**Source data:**
*-*-*

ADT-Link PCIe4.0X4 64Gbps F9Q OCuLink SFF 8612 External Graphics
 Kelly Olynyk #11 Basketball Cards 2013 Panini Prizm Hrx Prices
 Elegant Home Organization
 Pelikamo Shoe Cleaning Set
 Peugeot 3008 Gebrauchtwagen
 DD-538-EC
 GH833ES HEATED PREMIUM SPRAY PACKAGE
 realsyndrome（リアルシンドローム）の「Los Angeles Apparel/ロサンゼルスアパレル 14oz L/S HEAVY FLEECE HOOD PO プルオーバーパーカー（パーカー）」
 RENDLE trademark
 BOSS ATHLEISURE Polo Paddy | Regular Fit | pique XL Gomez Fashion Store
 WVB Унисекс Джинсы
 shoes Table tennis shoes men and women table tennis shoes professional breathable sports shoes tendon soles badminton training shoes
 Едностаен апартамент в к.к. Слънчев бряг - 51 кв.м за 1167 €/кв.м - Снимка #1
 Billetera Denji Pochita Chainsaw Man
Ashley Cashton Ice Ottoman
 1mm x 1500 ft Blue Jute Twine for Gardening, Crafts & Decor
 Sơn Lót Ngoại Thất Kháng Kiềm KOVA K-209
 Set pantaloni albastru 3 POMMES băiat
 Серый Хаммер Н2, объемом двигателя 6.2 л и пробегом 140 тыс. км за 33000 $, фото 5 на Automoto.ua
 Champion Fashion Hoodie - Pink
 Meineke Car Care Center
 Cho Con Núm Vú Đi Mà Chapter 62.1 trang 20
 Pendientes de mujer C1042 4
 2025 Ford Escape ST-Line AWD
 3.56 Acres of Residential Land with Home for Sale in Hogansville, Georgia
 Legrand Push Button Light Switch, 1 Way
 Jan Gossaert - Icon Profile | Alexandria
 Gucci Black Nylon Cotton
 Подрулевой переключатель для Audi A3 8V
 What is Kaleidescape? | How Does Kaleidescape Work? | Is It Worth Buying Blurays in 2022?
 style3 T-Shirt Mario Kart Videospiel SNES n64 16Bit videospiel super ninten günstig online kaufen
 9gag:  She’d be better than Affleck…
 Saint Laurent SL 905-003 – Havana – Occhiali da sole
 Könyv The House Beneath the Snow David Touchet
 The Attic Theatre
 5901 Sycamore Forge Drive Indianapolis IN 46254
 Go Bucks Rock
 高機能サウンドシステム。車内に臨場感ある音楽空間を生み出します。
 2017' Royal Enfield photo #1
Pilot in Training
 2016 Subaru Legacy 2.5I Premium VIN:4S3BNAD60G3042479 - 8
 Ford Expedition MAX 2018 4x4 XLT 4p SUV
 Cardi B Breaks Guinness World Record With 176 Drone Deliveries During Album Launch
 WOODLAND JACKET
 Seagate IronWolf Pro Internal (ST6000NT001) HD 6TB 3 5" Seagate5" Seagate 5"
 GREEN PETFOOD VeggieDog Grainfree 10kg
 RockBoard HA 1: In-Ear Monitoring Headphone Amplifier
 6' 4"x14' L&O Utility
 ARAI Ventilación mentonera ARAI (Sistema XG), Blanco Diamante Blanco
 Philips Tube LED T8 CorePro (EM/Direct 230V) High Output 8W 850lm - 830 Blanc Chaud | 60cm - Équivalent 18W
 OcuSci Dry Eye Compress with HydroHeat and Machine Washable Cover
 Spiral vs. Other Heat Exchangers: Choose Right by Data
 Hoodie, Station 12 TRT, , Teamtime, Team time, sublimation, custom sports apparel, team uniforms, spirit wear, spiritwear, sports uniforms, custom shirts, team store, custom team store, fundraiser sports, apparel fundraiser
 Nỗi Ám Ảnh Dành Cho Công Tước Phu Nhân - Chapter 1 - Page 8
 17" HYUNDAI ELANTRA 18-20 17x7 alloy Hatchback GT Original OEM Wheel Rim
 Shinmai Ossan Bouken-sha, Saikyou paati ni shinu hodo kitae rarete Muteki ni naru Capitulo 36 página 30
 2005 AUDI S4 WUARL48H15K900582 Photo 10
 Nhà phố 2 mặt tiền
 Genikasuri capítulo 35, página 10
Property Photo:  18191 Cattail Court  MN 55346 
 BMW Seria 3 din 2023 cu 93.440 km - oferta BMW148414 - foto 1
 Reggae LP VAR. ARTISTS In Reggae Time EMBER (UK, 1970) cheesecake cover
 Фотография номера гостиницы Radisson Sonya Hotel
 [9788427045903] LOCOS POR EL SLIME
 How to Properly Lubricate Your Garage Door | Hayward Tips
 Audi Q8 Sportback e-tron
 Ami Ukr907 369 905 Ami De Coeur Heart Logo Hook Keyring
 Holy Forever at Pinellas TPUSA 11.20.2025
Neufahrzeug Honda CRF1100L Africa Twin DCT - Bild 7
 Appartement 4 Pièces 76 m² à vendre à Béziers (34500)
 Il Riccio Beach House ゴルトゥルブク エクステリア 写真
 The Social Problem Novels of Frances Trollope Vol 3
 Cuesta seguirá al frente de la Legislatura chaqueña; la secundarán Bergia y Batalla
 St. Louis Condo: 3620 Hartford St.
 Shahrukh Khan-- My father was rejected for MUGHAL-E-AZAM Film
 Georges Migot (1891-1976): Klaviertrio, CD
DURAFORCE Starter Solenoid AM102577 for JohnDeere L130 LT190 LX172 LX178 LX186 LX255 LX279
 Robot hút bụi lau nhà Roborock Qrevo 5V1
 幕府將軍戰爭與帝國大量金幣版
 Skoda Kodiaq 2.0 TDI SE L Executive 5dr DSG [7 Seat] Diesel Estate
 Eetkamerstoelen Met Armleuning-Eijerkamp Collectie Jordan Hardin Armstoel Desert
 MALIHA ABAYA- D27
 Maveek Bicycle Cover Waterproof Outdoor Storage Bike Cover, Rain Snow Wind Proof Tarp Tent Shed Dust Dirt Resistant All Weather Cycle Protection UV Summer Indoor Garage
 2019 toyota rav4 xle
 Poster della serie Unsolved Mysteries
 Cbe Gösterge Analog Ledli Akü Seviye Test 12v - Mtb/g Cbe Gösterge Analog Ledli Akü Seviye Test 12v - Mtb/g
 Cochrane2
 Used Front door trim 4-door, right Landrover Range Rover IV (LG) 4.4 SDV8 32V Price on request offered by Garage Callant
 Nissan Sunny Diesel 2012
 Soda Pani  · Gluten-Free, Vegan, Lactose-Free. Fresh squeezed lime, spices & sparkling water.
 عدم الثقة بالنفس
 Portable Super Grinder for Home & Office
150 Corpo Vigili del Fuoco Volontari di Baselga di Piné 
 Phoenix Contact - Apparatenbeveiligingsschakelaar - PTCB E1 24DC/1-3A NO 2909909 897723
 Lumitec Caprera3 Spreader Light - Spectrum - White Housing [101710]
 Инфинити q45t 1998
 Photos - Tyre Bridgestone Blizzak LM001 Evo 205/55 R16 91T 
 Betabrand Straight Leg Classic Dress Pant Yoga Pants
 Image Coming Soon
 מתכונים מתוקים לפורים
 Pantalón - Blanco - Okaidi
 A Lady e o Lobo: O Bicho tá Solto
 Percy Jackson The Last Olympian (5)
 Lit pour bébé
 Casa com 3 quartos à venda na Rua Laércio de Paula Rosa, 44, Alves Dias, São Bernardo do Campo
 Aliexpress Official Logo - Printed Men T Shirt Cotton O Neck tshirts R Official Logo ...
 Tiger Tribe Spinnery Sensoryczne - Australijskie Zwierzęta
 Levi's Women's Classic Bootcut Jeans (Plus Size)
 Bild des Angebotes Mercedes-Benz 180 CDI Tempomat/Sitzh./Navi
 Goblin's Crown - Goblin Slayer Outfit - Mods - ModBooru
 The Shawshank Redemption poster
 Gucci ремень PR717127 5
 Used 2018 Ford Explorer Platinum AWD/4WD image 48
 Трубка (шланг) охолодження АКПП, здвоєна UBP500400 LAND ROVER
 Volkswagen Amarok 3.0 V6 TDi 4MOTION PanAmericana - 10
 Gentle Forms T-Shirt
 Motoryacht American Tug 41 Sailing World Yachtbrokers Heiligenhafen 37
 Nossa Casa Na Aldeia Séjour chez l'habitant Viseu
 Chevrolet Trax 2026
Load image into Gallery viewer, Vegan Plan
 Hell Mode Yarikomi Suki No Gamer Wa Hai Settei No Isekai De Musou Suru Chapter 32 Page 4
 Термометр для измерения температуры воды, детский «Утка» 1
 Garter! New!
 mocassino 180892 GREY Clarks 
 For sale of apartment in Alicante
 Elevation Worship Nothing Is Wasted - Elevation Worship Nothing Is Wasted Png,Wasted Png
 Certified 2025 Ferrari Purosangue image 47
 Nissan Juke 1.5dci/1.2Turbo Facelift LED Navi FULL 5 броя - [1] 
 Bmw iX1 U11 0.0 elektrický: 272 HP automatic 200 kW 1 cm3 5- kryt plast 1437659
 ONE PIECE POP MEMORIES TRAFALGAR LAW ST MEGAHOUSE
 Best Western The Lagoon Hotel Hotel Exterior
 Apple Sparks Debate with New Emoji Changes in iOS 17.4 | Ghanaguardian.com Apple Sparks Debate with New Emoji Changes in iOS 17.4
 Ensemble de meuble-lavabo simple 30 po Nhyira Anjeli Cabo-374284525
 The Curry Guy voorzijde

*-*-*

**PROBLEM REQUIREMENTS:** Only the lines above starting with the one with "Poster della serie Unsolved Mysteries" and going through the one with "Image Coming Soon" are to be copied, word for word and with both ends kept.

**SOLUTION TO THE EXERCISE:**
 Poster della serie Unsolved Mysteries
 Cbe Gösterge Analog Ledli Akü Seviye Test 12v - Mtb/g Cbe Gösterge Analog Ledli Akü Seviye Test 12v - Mtb/g
 Cochrane2
 Used Front door trim 4-door, right Landrover Range Rover IV (LG) 4.4 SDV8 32V Price on request offered by Garage Callant
 Nissan Sunny Diesel 2012
 Soda Pani  · Gluten-Free, Vegan, Lactose-Free. Fresh squeezed lime, spices & sparkling water.
 عدم الثقة بالنفس
 Portable Super Grinder for Home & Office
150 Corpo Vigili del Fuoco Volontari di Baselga di Piné 
 Phoenix Contact - Apparatenbeveiligingsschakelaar - PTCB E1 24DC/1-3A NO 2909909 897723
 Lumitec Caprera3 Spreader Light - Spectrum - White Housing [101710]
 Инфинити q45t 1998
 Photos - Tyre Bridgestone Blizzak LM001 Evo 205/55 R16 91T 
 Betabrand Straight Leg Classic Dress Pant Yoga Pants
 Image Coming Soon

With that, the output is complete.